Steve Best

Subscribe to Steve Best: eMailAlertsEmail Alerts
Get Steve Best: homepageHomepage mobileMobile rssRSS facebookFacebook twitterTwitter linkedinLinkedIn


Article

An Advanced File System for Linux

Demanded by enterprises and beneficial to everyone

As Linux made its way further into the enterprise, a key feature that it was lacking at one point in time was a journaling file system. This was true in 1999, but today there are four journaling file systems that can solve enterprise server requirements. This article focuses on one of them: JFS.

The file system is one of the most important parts of an operating system. It stores and manages user data on disk drives and ensures that what's read from storage is identical to what was originally written. In addition to storing user data in files, the file system also creates and manages information about files and about itself. Besides guaranteeing the integrity of all that data, file systems are also expected to be extremely reliable and have excellent performance.

Before the year 2000, Ext2 was the de facto file system for most Linux machines; it was robust, reliable, and suitable for most deployments. However, as Linux displaced Unix and other operating systems in more and more large server and computing environments, Ext2 was pushed to its limits. In fact, many now-common requirements - large hard-disk volumes, quick recovery from crashes, high-performance I/O, and the need to store millions of files representing terabytes of data - exceed the capabilities of Ext2.
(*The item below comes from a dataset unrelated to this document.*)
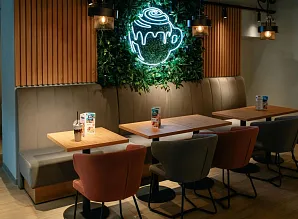 Барная стойка и мебель для кафе-пекарни Cinnabon на Невском проспекте Фото 28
Fortunately, a number of other Linux file systems pick up where Ext2 leaves off. Indeed, Linux now offers four alternatives to Ext2: Ext3, JFS, ReiserFS, and XFS. In addition to meeting some or all of the previously mentioned requirements, each of these alternative file systems also supports journaling, a feature certainly demanded by enterprises but beneficial to anyone running Linux. A journaling file system can simplify restarts, reduce fragmentation, and accelerate I/O. Better yet, journaling file systems make fscks a thing of the past.

To better appreciate the benefits of file systems, it's helpful to speak the vernacular of file systems.

  • Logical block (or a file system's block size): The smallest unit of storage that can be allocated by the file system. A logical block is measured in bytes, and it may take several blocks to store a single file.
  • Logical volume: One or more physical disks or some subset of the physical disk space.
  • Block allocation: A method of allocating blocks in which the file system allocates one block at a time. With this method, a pointer to every block in a file is maintained and recorded. Ext2 uses block allocation.
  • Extent: A large number of contiguous blocks. Each extent is described by a triple, consisting of file offset, starting block number, and length. File offset is the offset of the extent's first block from the beginning of the file; starting block number is the first block in the extent; and length is the number of blocks in the extent. Extents are allocated and tracked as a single unit, meaning that a single pointer tracks a group of blocks. For large files, extent allocation is a much more efficient technique than block allocation. Figure 1 shows how extents are used.
  • File system metadata: The file system's internal data structures - everything concerning a file except the actual data inside the file. Metadata includes date and time stamps, ownership information, file access permissions, other security information such as access control lists (if they exist), the file's size, and the storage location or locations on disk.
  • Inode: Stores all the information about a file except the data itself. You can think of an inode as a "bookkeeping" file for a file (indeed, an inode is a structure that consumes blocks, too). An inode contains file permissions, file types, and the number of links to the file. Every inode has a unique inode number that distinguishes it from every other inode.
An extent is described by its block offset in the file, the location of the first block in the extent, and the length of the extent. If file sample.txt requires 18 blocks, and the file system is able to allocate one extent of length 8, a second extent of length 5, and a third extent of length 5, the file system would look something like Figure 1. The first extent has offset 0 (block A in the file), location 10, and length 8. The second extent has offset 8 (block I), location 20, and length 5. The last extent has offset 13 (block N), location 35, and length 5.

How File Systems Go Bad

With these concepts in mind, here's what happens when a three-block file is modified and grows to be a five-block file:
  1. Two new blocks are allocated to hold the new data.
  2. The file's inode is updated to record the new size of the file.
  3. The actual data is written into the blocks.
As you can see, while writing data to a file appears to be a single atomic operation, the actual process involves a number of steps (even more steps than shown here if you consider all of the accounting required to remove the two blocks from the free list of blocks and other metadata changes).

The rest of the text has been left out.